Beyond the gate of experience flows the Way, Which is ever greater and more subtle than the world. - Tao Te Ching

Saturday, July 24, 2010

The dust of the war machine


The book and movie Fight Club was an interesting commentary on human beings' substitution of natural pain with artificial materialism, and the resulting backlash. To see clearly the state of one's existence is to feel that one is alive. Without feeling the sensation of being alive, we are essentially walking corpses.


But the feeling of being alive means more than just experiencing pain. We as human beings desire love, success, friendships. We want to feel exhilaration and acceptance and security.


But for those who seek pain either consciously or otherwise, the masochists, they create a dichotomy within the golden rule: Do unto others as you would have them do unto you.

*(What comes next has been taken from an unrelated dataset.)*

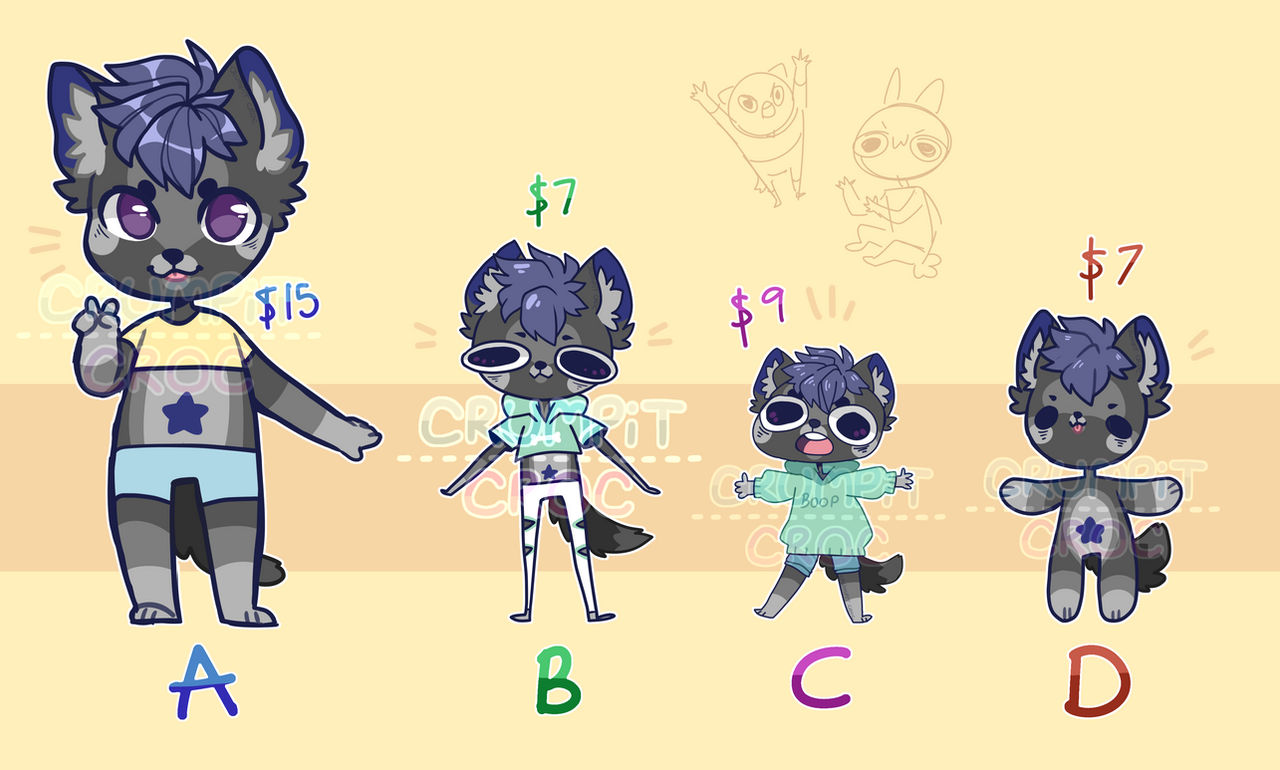 Chibi Commission Examples by CrumpitCroc on DeviantArt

If you enjoy or need pain, and you are a golden rule adherent, doesn’t that mean you will cause pain to others? And to people who don’t want it?

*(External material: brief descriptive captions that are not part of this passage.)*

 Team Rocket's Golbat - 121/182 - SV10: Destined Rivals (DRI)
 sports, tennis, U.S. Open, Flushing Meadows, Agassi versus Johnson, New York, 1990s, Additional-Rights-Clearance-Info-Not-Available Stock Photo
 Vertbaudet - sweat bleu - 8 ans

So where does that leave us? In a world where violence and pain are often the status quo, how can we ever live in peace? How can we treat others respectfully if we expect them to hurt us?

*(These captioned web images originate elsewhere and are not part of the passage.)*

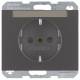 Berker 47387006 Steckdose SCHUKO mit B-feld+erh.BS K.1 anthrazit matt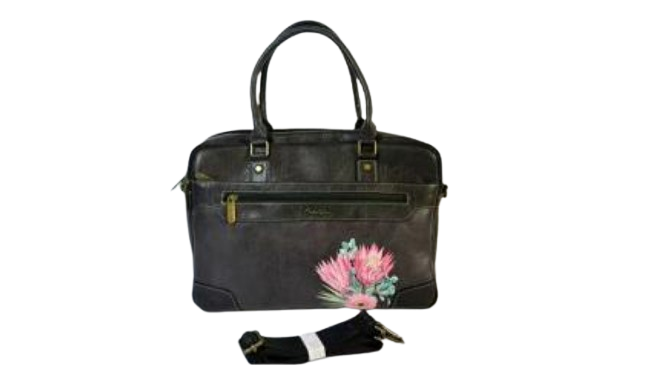 Cotton On Pu Leather Laptop Bag Black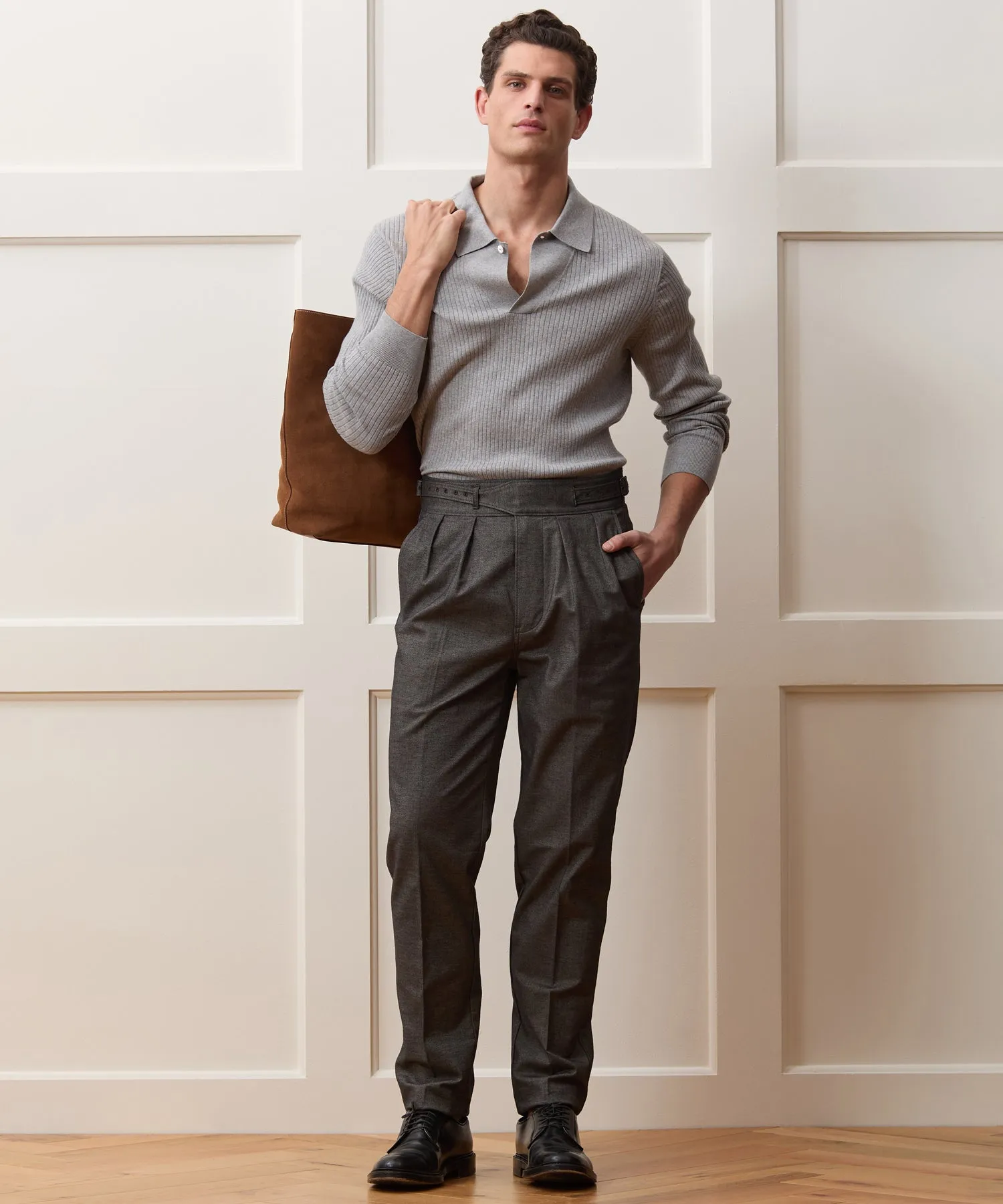 Ribbed Cotton-Cashmere Sweater Polo sold by Todd Snyder product image thumbnail 5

It comes down to knowing ourselves. How do we know ourselves? By looking at ourselves from the outside. How do we do that? By listening. How do we listen? By loving and respecting. How do we love and respect? We examine the great souls of the past. Yeshua, Gandhi, Mother Teresa, Martin Luther King, Jr. The Saints. The Idealists. The Givers. Our ancestors who inspired us. Strangers who surprised us.


The irony of academic discussion is that improving the human condition is easy to illustrate via an essay, but in practice becomes horrifically challenging. It takes the full responsibility and dedication of every human being to make it work. We are, as CS Lewis said, all ships in a fleet heading towards the same destination. If one of us goes down, the entire fleet is weakened.


Objectivists may disagree, and argue that our innate selfishness is what inspires our compassion for our brothers and sisters. We only care because we get something out of caring, and we should only care if we are getting something. But, this sentiment only serves to strengthen and perpetuate the ego within each of us, further separating us from the natural wonders and the eternal connection of all living beings and all inanimate matter.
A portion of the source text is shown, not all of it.